The FDA’s warning letter was sent October 2017, requesting that Opternative “immediately cease activities that result in the misbranding or adulteration of the On-Line Opternative Eye Examination Mobile Medical App device, such as the commercial distribution of the device through your online website.”
 
That letter was recently posted on the FDA’s website, which then generated a few news stories about it, prompting Opternative to respond with a statement. Opternative has responded to the FDA letter, it said, and continues to communicate with the FDA on a regular basis to work through the regulatory medical device clearance process.
 

To read the full warning from the FDA to Opternative, click here


In its statement, Opternative said: “Opternative has been working closely with the FDA since the first days of our company and we are continuing to work closely with the agency. We responded promptly to FDA's warning letter from October 2017 and we are working diligently to voluntarily comply with all regulatory requirements.
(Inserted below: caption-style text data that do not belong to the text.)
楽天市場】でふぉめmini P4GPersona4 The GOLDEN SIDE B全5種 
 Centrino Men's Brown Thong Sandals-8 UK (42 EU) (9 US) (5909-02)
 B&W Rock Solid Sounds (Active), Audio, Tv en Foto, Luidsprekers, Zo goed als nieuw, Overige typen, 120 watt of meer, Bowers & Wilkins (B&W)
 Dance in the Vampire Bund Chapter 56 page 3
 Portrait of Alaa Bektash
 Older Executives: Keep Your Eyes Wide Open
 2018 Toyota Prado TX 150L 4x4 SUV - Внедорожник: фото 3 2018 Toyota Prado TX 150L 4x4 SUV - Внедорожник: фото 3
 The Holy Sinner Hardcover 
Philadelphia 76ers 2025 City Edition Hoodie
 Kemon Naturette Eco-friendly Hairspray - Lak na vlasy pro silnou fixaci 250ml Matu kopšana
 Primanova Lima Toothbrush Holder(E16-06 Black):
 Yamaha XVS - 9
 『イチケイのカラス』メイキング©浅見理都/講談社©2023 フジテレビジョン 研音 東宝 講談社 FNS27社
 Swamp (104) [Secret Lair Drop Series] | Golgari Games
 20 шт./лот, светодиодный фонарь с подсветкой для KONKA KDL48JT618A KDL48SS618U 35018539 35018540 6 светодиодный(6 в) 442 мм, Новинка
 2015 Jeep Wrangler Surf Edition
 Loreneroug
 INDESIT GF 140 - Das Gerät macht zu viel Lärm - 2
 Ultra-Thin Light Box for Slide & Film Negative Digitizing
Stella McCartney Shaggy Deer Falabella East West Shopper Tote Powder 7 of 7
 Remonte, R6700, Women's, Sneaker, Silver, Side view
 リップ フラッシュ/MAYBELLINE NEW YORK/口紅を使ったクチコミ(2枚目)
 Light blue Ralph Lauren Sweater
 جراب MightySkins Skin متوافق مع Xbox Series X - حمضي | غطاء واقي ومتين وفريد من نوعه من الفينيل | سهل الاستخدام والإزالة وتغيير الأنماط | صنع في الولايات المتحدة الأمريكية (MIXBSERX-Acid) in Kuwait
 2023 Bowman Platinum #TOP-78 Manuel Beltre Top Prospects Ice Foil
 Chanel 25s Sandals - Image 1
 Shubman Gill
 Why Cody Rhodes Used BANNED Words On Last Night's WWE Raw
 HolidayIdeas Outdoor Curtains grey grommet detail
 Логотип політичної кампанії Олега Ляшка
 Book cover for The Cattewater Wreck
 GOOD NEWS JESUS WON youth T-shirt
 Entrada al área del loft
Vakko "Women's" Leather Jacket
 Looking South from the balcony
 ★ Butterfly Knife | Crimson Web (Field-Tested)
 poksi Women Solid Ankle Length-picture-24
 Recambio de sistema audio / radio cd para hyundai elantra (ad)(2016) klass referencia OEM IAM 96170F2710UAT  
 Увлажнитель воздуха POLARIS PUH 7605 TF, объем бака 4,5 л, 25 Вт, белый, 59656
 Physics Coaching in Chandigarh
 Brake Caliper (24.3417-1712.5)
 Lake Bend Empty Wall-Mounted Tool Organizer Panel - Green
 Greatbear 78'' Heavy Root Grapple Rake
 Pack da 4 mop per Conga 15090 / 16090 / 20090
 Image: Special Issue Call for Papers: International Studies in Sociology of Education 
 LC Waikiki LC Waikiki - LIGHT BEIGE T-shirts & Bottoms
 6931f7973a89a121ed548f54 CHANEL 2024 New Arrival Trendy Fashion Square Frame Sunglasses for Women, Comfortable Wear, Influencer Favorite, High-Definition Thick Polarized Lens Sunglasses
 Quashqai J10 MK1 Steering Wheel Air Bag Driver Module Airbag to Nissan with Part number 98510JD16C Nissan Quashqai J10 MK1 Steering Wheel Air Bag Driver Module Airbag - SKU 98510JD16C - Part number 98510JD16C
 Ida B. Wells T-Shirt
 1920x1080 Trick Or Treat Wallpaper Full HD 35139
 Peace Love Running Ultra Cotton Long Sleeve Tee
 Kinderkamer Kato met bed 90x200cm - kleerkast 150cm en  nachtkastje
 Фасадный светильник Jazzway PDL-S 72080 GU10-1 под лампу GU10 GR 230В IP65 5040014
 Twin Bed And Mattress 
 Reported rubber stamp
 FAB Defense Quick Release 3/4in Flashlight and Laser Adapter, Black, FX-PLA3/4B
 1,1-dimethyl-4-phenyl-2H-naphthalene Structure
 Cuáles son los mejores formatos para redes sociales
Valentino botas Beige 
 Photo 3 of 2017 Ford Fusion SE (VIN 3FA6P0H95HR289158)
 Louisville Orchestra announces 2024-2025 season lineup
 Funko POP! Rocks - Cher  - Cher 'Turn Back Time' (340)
We share the FDA's commitment to protecting patients and helping consumers access safe and reliable health services. As our company and technology has evolved and improved, we have worked diligently with the FDA to keep them up to date on all the ways we are working to help consumers every day.”
 
The warning letter was heralded as a victory by the American Optometric Association (AOA), which says it reflects the very points that it first broached in a 2016 complaint to the FDA regarding Opternative's lack of a premarket approval prior to marketing, and lack of a formal FDA review of the product's safety and efficacy. The AOA has been very vocal in its opposition to Opternative. To read a synopsis of the AOA’s complaints about Opternative, click here.
 
According to a news story on FierceBiotech.com, the Opternative/FDA case "has parallels with the FDA’s interactions with 23andMe, which brought consumer-targeted genetic tests to market without getting clearance from the agency and then responded tardily when regulators scrutinized its operation. 23andMe eventually resolved the standoff but only after revising its approach to regulatory interactions."